Our fourth benchmark is once again looking at compute shader performance, this time through the Fluid simulation sample in the DirectX SDK. This program simulates the motion and interactions of a 16k particle fluid using a compute shader, with a choice of several different algorithms. In this case we're using an (O)n^2 nearest neighbor method that is optimized by using shared memory to cache data.

DirectX11 Compute Shader Fluid Simulation - Nearest Neighbor

For our last compute test, Trinity does a reasonable job improving performance over Llano. If you're in need of a lot of GPU computing horsepower you're going to be best served by a discrete GPU, but it's good to see the processor based GPUs inch their way up the charts.

Synthetic Performance

Moving on, we'll take a few moments to look at synthetic performance. Synthetic performance is a poor tool to rank GPUs—what really matters is the games—but by breaking down workloads into discrete tasks it can sometimes tell us things that we don't see in games.

Our first synthetic test is 3DMark Vantage's pixel fill test. Typically this test is memory bandwidth bound as the nature of the test has the ROPs pushing as many pixels as possible with as little overhead as possible, which in turn shifts the bottleneck to memory bandwidth so long as there's enough ROP throughput in the first place.

3DMark Vantage Pixel Fill

Since our Llano and Trinity numbers were both run at DDR3-1866, there's no real performance improvement here. Ivy Bridge actually does quite well in this test, at least the HD 4000.

Moving on, our second synthetic test is 3DMark Vantage's texture fill test, which provides a simple FP16 texture throughput test. FP16 textures are still fairly rare, but it's a good look at worst case scenario texturing performance.

3DMark Vantage Texture Fill

Trinity is able to outperform Llano here by over 30%, although NVIDIA's GeForce GT 640 shows you what a $100+ discrete GPU can offer beyond processor graphics.

Our final synthetic test is the set of settings we use with Microsoft's Detail Tessellation sample program out of the DX11 SDK. Since IVB is the first Intel iGPU with tessellation capabilities, it will be interesting to see how well IVB does here, as IVB is going to be the de facto baseline for DX11+ games in the future. Ideally we want to have enough tessellation performance here so that tessellation can be used on a global level, allowing developers to efficiently simulate their worlds with fewer polygons while still using many polygons on the final render.

DirectX11 Detail Tessellation Sample - Normal

DirectX11 Detail Tessellation Sample - Max

The tessellation results here were a bit surprising given the 8th gen tessellator in Trinity's GPU. AMD tells us it sees much larger gains internally (up to 2x), but using different test parameters. Trinity should be significantly faster than Llano when it comes to tessellation performance, depending on the workload that is.
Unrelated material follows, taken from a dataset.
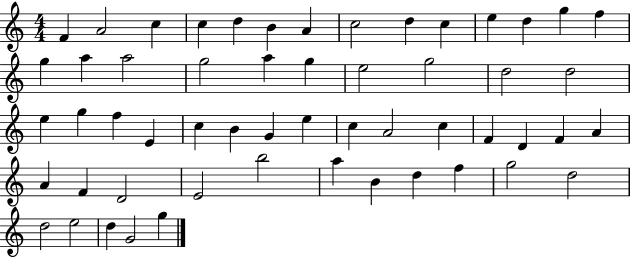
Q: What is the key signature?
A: C major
Minecraft & Civilization V Performance Power Consumption
Comments Locked

139 Comments

View All Comments

  • DanNeely - Thursday, September 27, 2012 - link

    Does AMD share chipsets between their desktop and mobile platforms? AMD's done this for years (all of their desktop chipsets?); and all the legacy embedded devices you listed are typically connected via the LPC (low pin count) bus, a semi-parallelized implementation of the '80's era 8 bit ISA bus.
  • jamyryals - Thursday, September 27, 2012 - link

    I liked the sneak peak. I don't care if amd wants to hold off on the CPU benchmarks, they'll be out shortly anyways. It was already hinted at as what to expect by Anand in the article. The only thing that's troublesome is the people who take this as an opportunity to besmirch someone's credibility. Take a deep breath and in a few days you'll be able to justify your own viewpoint no matter what the numbers say anyways.

    At this point, it's more about the direction amd is headed that is interesting than this product. What is the target goal for this family of chips and will that be more successful than competing head to head with Intel.
  • Torrijos - Thursday, September 27, 2012 - link

    In august an interesting article, treating of the influence of CPU was posted :
    http://techreport.com/review/23246/inside-the-seco...

    The idea was not to measure average FPS, but instead to measure millisecond/frame for all the frames in a benchmark in order to see if performances were constant or would fall harshly for some frames (having a clear impact on playability).

    The thing is with the current waive of CPUs with iGPUs it might be time to switch benchmarks to a similar methodology, in order to see which architectures handle the memory work better.
  • taltamir - Thursday, September 27, 2012 - link

    I just did a double take, had to look twice, and indeed this is 100% a GPU benchmark with not a single test about the CPU.

    The only test relevant to the CPU might have been the AES acceleration (a fixed function test) and the power test (where intel still spanks AMD).
  • Jamahl - Thursday, September 27, 2012 - link

    This is what happens when you look at the graphs without actually reading anything.
  • Torrijos - Thursday, September 27, 2012 - link

    I read the fact that they can't talk about CPU now, I was trying to say that FPS is an antiquated metric...

    My point was that APUs tend to share memory bandwidth between the CPU and GPU resulting in unreliable peak performances (even when coupled with a discreet GPU) while still maintaining a good average FPS.

    In the end the FPS metric isn't the best available number to clearly evaluate performance of these chips. a full plot of milliseconds per frame for the entire test run offers a clearer vision.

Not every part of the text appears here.